The North Korean proposal was made by its chief nuclear envoy, Kim Kye-gwan, to U.S. negotiator Christopher Hill last week when they met for three days in Berlin.

Their unprecedented bilateral meeting raised hopes of progress in six-country talks that were dealt a blow by the reclusive communist state's defiant nuclear test last October, Reuters reports.

The chief American envoy to talks on North Korea’s nuclear weapons program said Monday morning that he hoped a new round of six-nation negotiations would get under way shortly, and he expressed cautious optimism about prospects for reaching a settlement.

The envoy, Christopher R. Hill, an assistant secretary of state, told reporters after consultations with the Chinese in Beijing that he felt there was a new “basis for making progress.” He said China, the host of the talks, may announce the start date for a new session shortly.

His relatively upbeat assessment came after he had a rare bilateral meeting with his North Korean counterpart in Berlin last week.

The last round of talks in December began with a burst of optimism, but ended in stalemate.

A South Korean newspaper, the Chosun Ilbo, reported Monday that North Korea had offered to halt the operation of the five-megawatt reactor at its main nuclear complex while allowing monitoring by the international weapons inspectors.

It said that in return, the United States agreed to provide the North with economic and energy aid and show “sincerity” in efforts to resolve a dispute over Washington’s imposition of financial restrictions, the New York Times reports.

Christopher Hill said that in talks Sunday with his Chinese counterpart, Wu Dawei, the two sides agreed the high-level negotiations should start again "as soon as possible."

"We hope that the Chinese government will be able to announce soon the start up of the talks," he said.
Meanwhile, South Korean media reported that North Korea has agreed to discuss the disarmament of its nuclear weapons when talks resume, which would mark a shift in the North's stance.

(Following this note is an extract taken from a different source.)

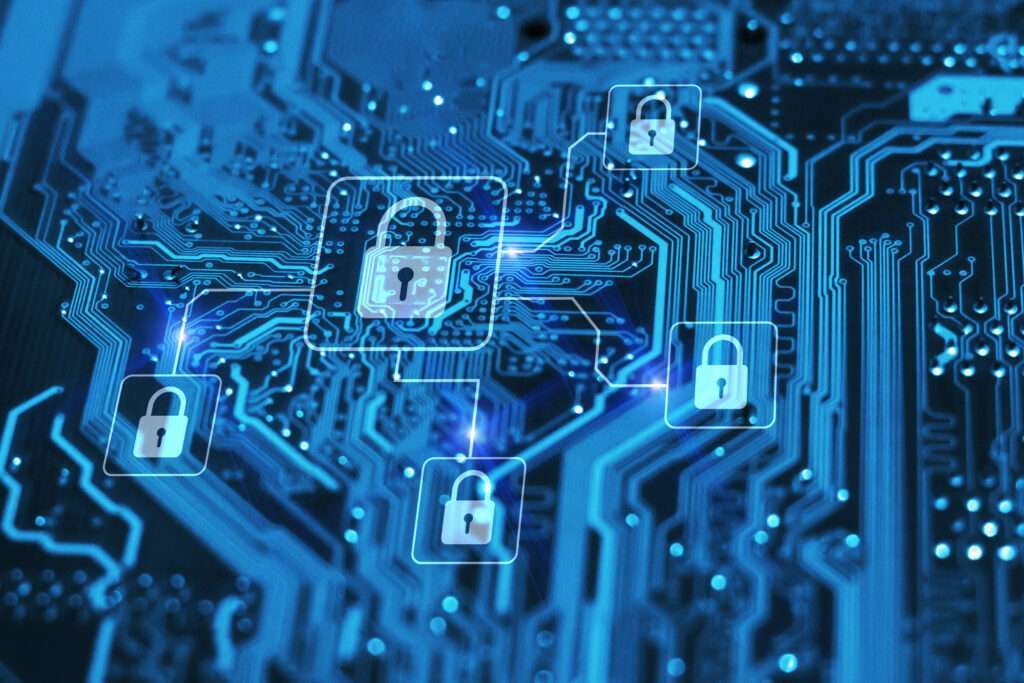 Cyber security and protection of private information and data concept. Locks on blue integrated circuit. Firewall from hacker attack. Omnibus numérique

North Korea agreed to directly address moves to disarm when Hill and the North's chief nuclear envoy, Kim Kye Gwan, met in Berlin last week, the Yonhap news agency reported, citing unidentified diplomatic sources.
A South Korean newspaper reported Monday that at the Berlin meeting, North Korea and the United States came close to an agreement for the communist state to freeze its nuclear activity and allow international monitoring in exchange for aid, the AP reports.